To my mind, a representation of a group is a triple $(\mathfrak{G},\,V,\,\rho:\mathfrak{G}\to GL(V))$: the group $\mathfrak{G}$ being represented, the target vector space $V$ being acted on in a group action of the matrix group of endomorphisms $GL(V)$, and the homomorphism $\rho:\mathfrak{G}\to GL(V)$ between them.

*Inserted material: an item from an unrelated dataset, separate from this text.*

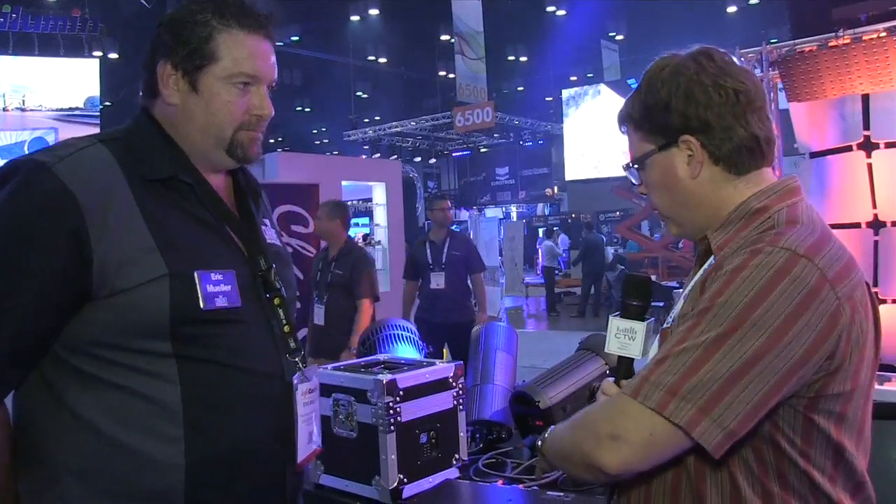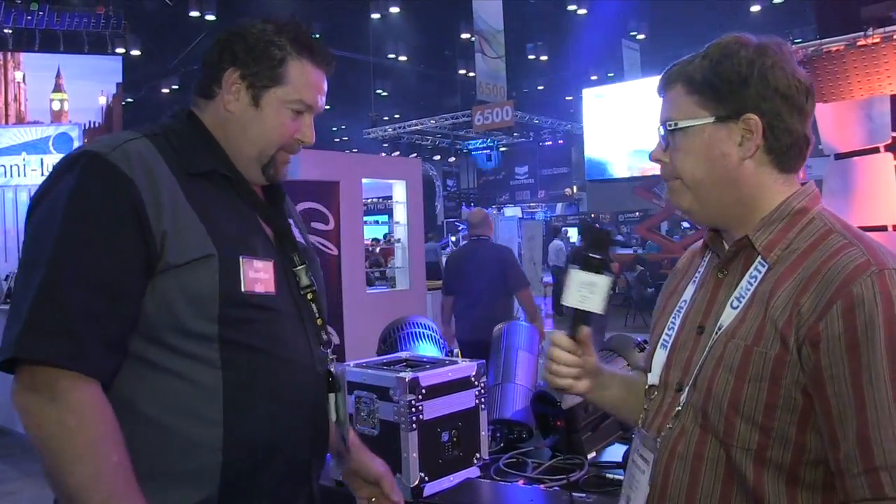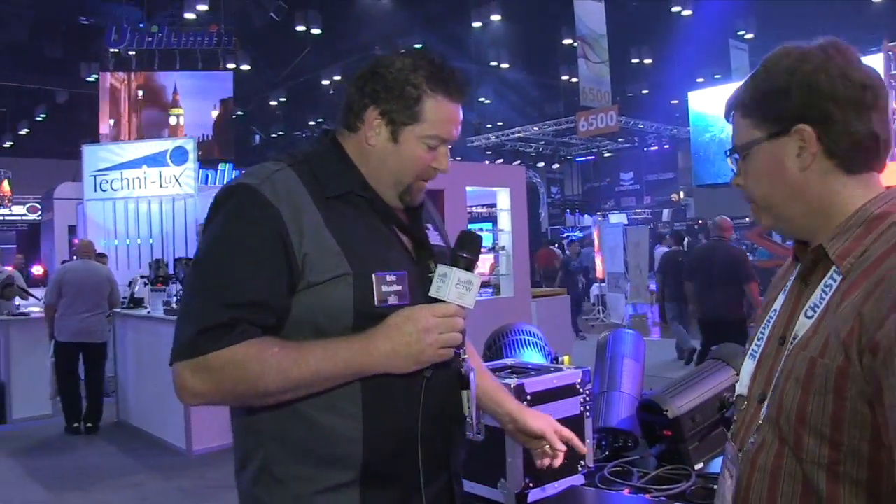That is this cool little box that does both power and DMX distribution. I'm here with Eric Muller and he's going to walk us through what this thing can do. This is the Synapse 4.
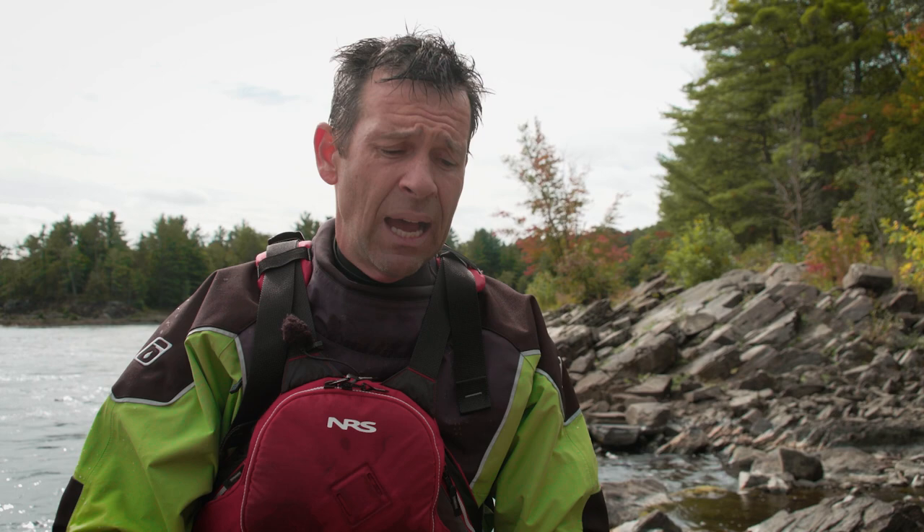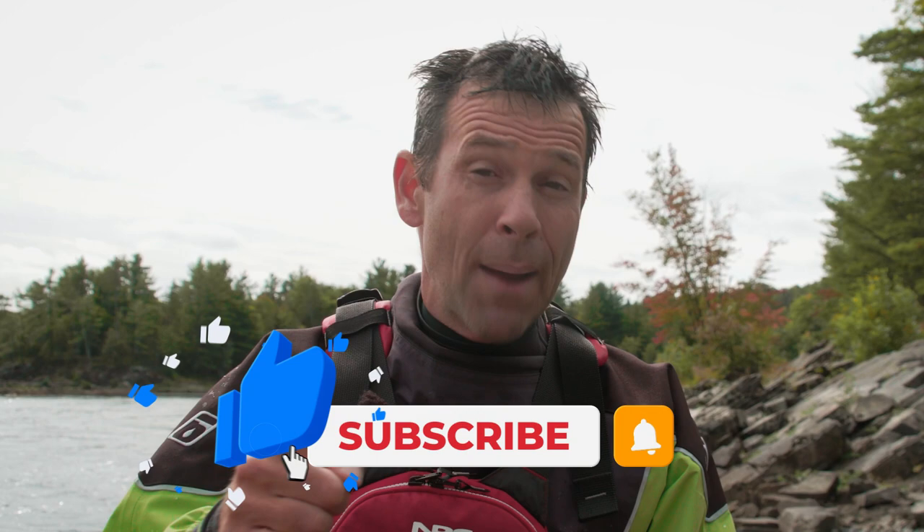In the end, the verdict: two thumbs up for Level 6's Emperor Drysuit. I would be comfortable taking this on pretty much any type of expedition — and I think it looks pretty good too, with this lime green. I hope you guys enjoyed this video. If you did, give it a big thumbs up, subscribe to Paddle TV if you haven't already, and stay tuned — we've got lots more paddling tips, gear reviews, and paddling adventures coming your way.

As long as it is clear from the context, it is OK to think of the vector space as the representation, and this seems to be the standard physcist's usage of the word. Indeed, it is a particularly physical point of view: in the standpoint I first cited, you're watching the "system" from afar; in the physicist's viewpoint, you are, like any good experimentalist or careful obsverer, getting as near as you can to the action (i.e. sitting at the business end of the arrow $\rho$) and looking at what the actors who come out of it (the matrices in $GL(V)$) do through their actions on their playthings (the vectors in $V$). My mind picture, in this context, is literally of someone in a white coat, seated right at the end of the pipe $\rho$ (which for me somehow is always a bronze colour) and carefully writing down their observations on what's happenning at the end of the pipe $\rho$ when the studied creatures come out!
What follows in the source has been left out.